** Task objective **
Below is a listing. Quote from it, exactly, the lines from the one containing "Palm tree icon." down to the one containing "L'arrière-plan des branches", both ends included, and nothing else.

** Dataset content **
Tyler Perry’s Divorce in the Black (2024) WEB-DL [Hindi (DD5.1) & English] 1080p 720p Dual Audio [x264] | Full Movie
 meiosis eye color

...

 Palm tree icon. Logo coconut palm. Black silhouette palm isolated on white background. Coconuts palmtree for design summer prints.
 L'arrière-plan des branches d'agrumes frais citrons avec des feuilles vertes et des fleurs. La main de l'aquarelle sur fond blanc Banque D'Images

** Response area **
 Palm tree icon. Logo coconut palm. Black silhouette palm isolated on white background. Coconuts palmtree for design summer prints.
 L'arrière-plan des branches d'agrumes frais citrons avec des feuilles vertes et des fleurs. La main de l'aquarelle sur fond blanc Banque D'Images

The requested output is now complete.